Il s’est donc adjoint une équipe de direction pour l’épauler, soit Karina Lafond, vice-présidente et directrice Administration du réseau, Courtage en valeurs mobilières, en janvier 2021, et Julie Ouellet, vice-présidente et directrice nationale des ventes, Courtage en valeurs mobilières, en mars 2022. « Ça a été le point tournant », dit-il.

Parmi les éléments rapidement mis en place, il mentionne une grille de rémunération sur trois ans, ce qui accroît la prévisibilité pour les conseillers (Lire : Paie satisfaisante, mais…), de même qu’un programme de soutien à la relève.

VMD a aujourd’hui stabilisé sa situation, et compte 219 conseillers ayant un code de représentant, lesquels géraient 42,6 G$ à la fin de mars dernier. De fin février 2021 à fin mars 2023, sa part de marché en termes d’actif géré au Québec est stable lorsqu’on la compare à un groupe de sept courtiers menant des activités au Québec, selon le Pointage des courtiers québécois. Durant cette période, l’organisation a crû au même rythme que ses pairs.

VMD ne manque cependant pas de défis. Tout comme ailleurs, le courtier doit améliorer son soutien technologique aux CP afin d’accroître leur productivité et répondre à leurs attentes ainsi qu’à celles des clients dans un contexte de travail hybride. Le dirigeant en témoigne d’ailleurs dans notre dossier.

Selon David Lemieux, la technologie est importante, car elle doit servir d’abord l’humain et non le contraire. Bâtir une relation de confiance avec un client demande du temps. « La valeur du conseiller ou de la conseillère, c’est sa présence. »

Accroître le nombre de CP qui ont un permis de gestion discrétionnaire reste une priorité pour les prochaines années, entre autres parce que ce mode de gestion permet au représentant de gagner du temps utile à servir ses clients.

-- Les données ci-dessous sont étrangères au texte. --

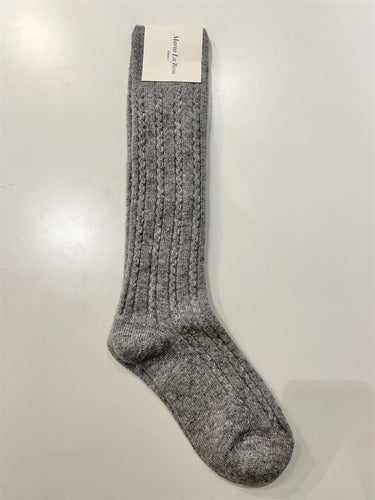 Scotland Socks - Silver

La gestion discrétionnaire est aussi une manière de s’adapter à l’augmentation de la charge réglementaire pour les conseillers, dont la hausse de la documentation à remplir.

« Les [nouvelles] réglementations sont lourdes à mettre en place. Ça amène évidemment un fardeau supplémentaire dans le travail des conseillers qui vient peut-être un peu empiéter sur leurs relations humaines avec les clients », ajoute-t-il. Il convient que la conformité reste « un peu le miroir de ce que les clients s’attendent de nous ».

Augmenter le nombre de conseillères, qui s’établit à 21 % des CP de VMD, est une priorité, affirme David Lemieux. Avec environ 40 % de conseillères adjointes, VMD dispose ainsi « d’un bassin de relève plus féminin » qui deviendra avec le temps propriétaire de blocs d’affaires. « Pour nous, ça augure très bien et on continue nos efforts. »

Au sujet de l’investissement responsable (IR), David Lemieux signale que l’engagement de la vice-présidence service-conseil en gestion de patrimoine, incluant VMD, est de former 100 % de ses employés en IR. Donc, autant le personnel en lien direct avec les clients, comme les gestionnaires de patrimoine, que le personnel administratif, que ce soit des adjoints ou des assistants.

VMD désire gagner des parts de marché, insiste David Lemieux. Pour y parvenir, la firme prévoit notamment encore une fois mettre l’accent sur la gestion discrétionnaire. « On tend à avoir des clients de plus en plus fortunés. Le marché, la réglementation nous dirigent vers la gestion discrétionnaire. »

Desjardins a également identifié certains pôles de croissance en Ontario afin d’y développer une présence plus importante. « On désire y faire grandir le nombre de CP, mais on ne cherche pas nécessairement à acheter des books, comme ce fut le cas dans le passé. On veut trouver des gens qui partagent et incarnent nos valeurs, qui embarquent dans ce qu’on construit avec Desjardins ».